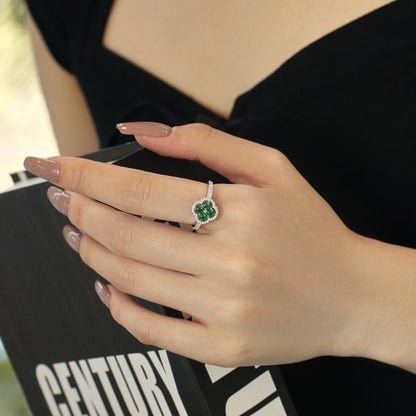 [LUCKY LOVE]Four Leaf Clover Flower Design Ring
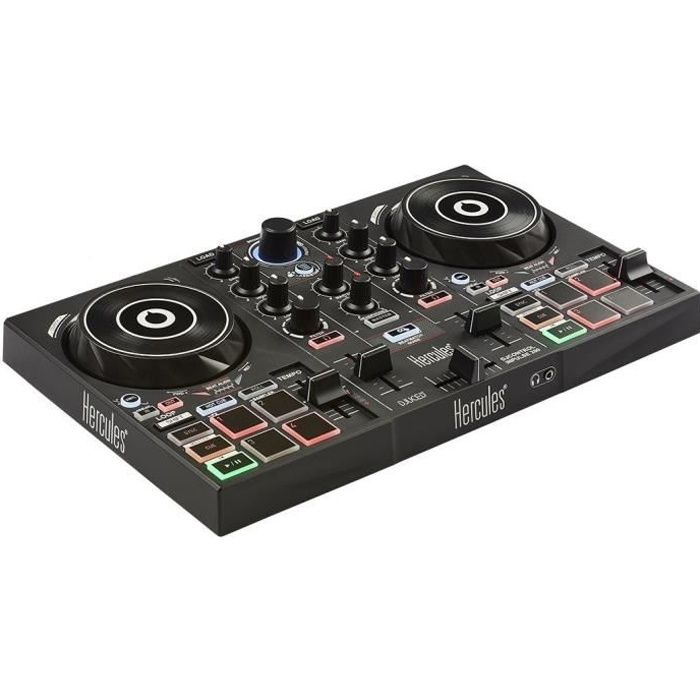 HERCULES Inpulse 200 - Contrôleur DJ USB - 2 pistes avec 8 pads et carte son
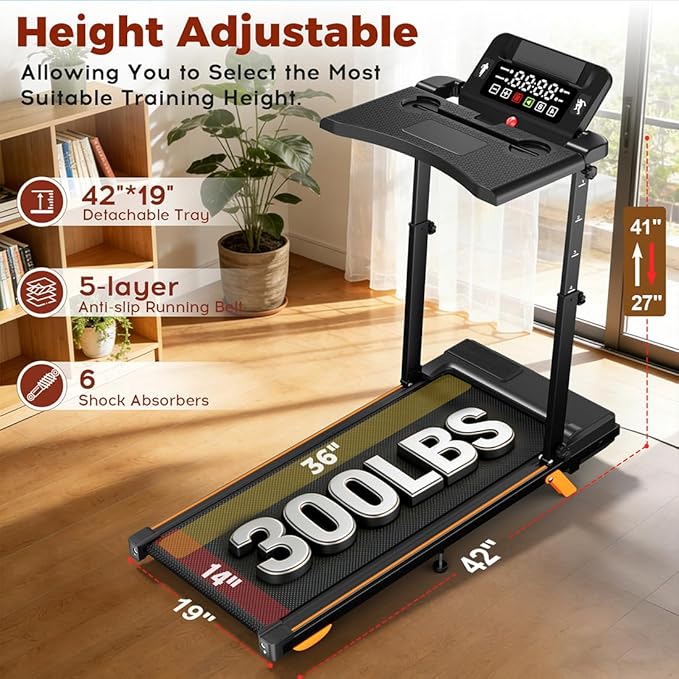 Walking Pad Treadmill with Desk, Foldable Treadmills for Home, Quiet Treadmill with 10% Incline, 300lbs Weight Capacity Walking or Running for Home Office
|---|
▸ **ACTIVITY**
Transcribe the material exactly, and leave out whatever pictures it holds.

▸ **RESULT OF THIS EXERCISE**
 [LUCKY LOVE]Four Leaf Clover Flower Design Ring
 HERCULES Inpulse 200 - Contrôleur DJ USB - 2 pistes avec 8 pads et carte son
 Walking Pad Treadmill with Desk, Foldable Treadmills for Home, Quiet Treadmill with 10% Incline, 300lbs Weight Capacity Walking or Running for Home Office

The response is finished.